Descartar Causas Médicas Primero
Antes de asumir que el estrés es el causante del acicalamiento excesivo, tu veterinario querrá investigar las causas físicas. Estas incluyen:
- Dermatitis por alergia a pulgas — incluso una sola picadura de pulga puede desencadenar un picor intenso y localizado en gatos sensibilizados. Examina la piel cuidadosamente, particularmente en la base de la cola y a lo largo del abdomen, en busca de suciedad de pulga o signos de hipersensibilidad.
- Tiña — una infección fúngica que causa áreas circulares de pérdida de cabello, a menudo con piel escamosa o con costras en los bordes. Altamente contagiosa para otras mascotas y para humanos.
- Alergias ambientales o alimentarias — los gatos pueden desarrollar alergias a las proteínas en su dieta o a alérgenos ambientales como ácaros del polvo o polen, resultando en picor y acicalamiento excesivo.
- Ácaros, particularmente Demodex o Cheyletiella — parásitos microscópicos que causan irritación de la piel y pérdida de cabello.
- Dolor — un gato que lamé o se acicala repetidamente una zona específica puede estar respondiendo al dolor localizado en lugar de irritación de la piel. La artritis, el malestar interno, o el dolor de vejiga pueden manifestarse como acicalamiento excesivo dirigido.
Solo cuando las causas médicas han sido descartadas mediante un examen exhaustivo, pruebas de piel, ensayos dietéticos, y donde sea necesario biopsia o análisis de sangre, es apropiado un diagnóstico de alopecia psicógena.
Acicalamiento Excesivo Inducido por Estrés
Una vez que las causas físicas se descartan, el acicalamiento excesivo típicamente es impulsado por estrés crónico o ansiedad.
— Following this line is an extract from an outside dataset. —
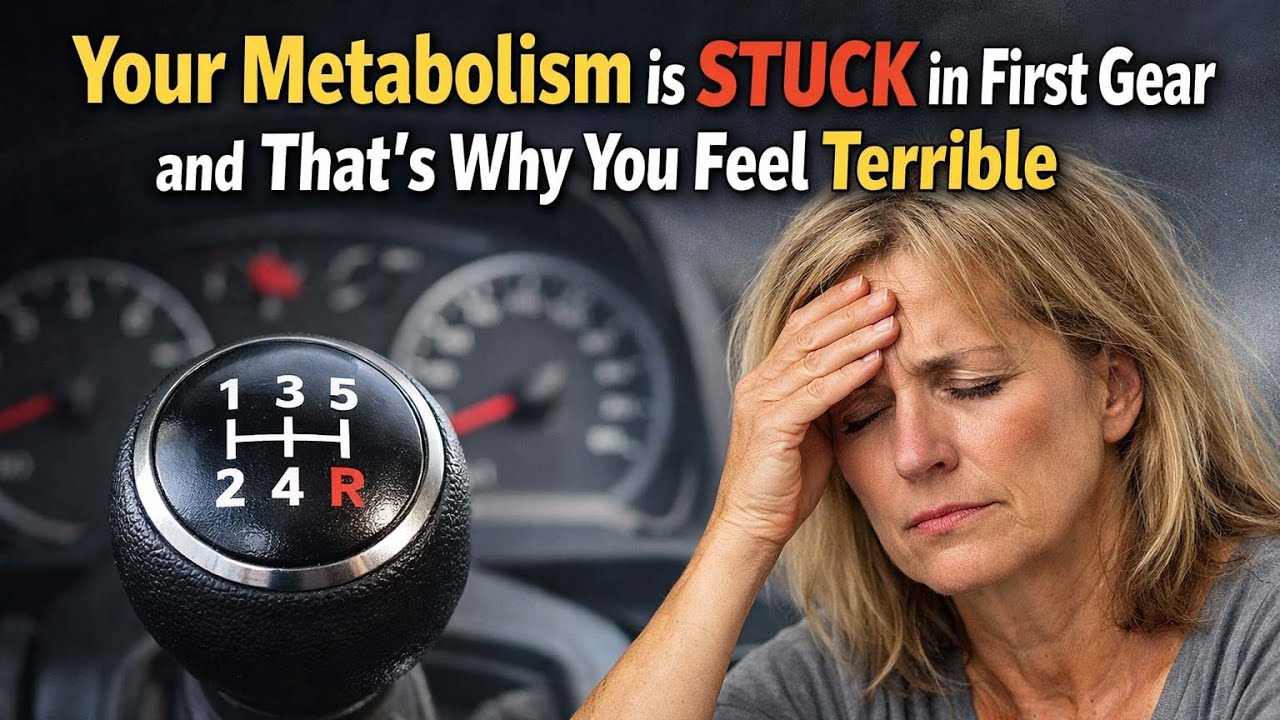 Why Your Body Forgot How to Burn Fat - The Metabolic Inflexibility Crisis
Los desencadenantes comunes incluyen una nueva mascota o persona en el hogar, cambios de rutina, conflicto entre gatos, un ambiente sobrestimulante con espacios de ocultamiento insuficientes, o un evento traumático único que disrumpió el sentido de seguridad del gato. El tratamiento implica identificar y abordar el factor estresante donde sea posible, junto con enriquecimiento ambiental, difusores de feromonas, y en algunos casos medicación contra la ansiedad prescrita por un veterinario.
Síndrome de Hiperesthesia Felina
Una condición menos común pero distintiva asociada con el acicalamiento anormal es el síndrome de hiperesthesia felina (SHF), a veces llamado síndrome de piel ondulante o enfermedad del gato nervioso.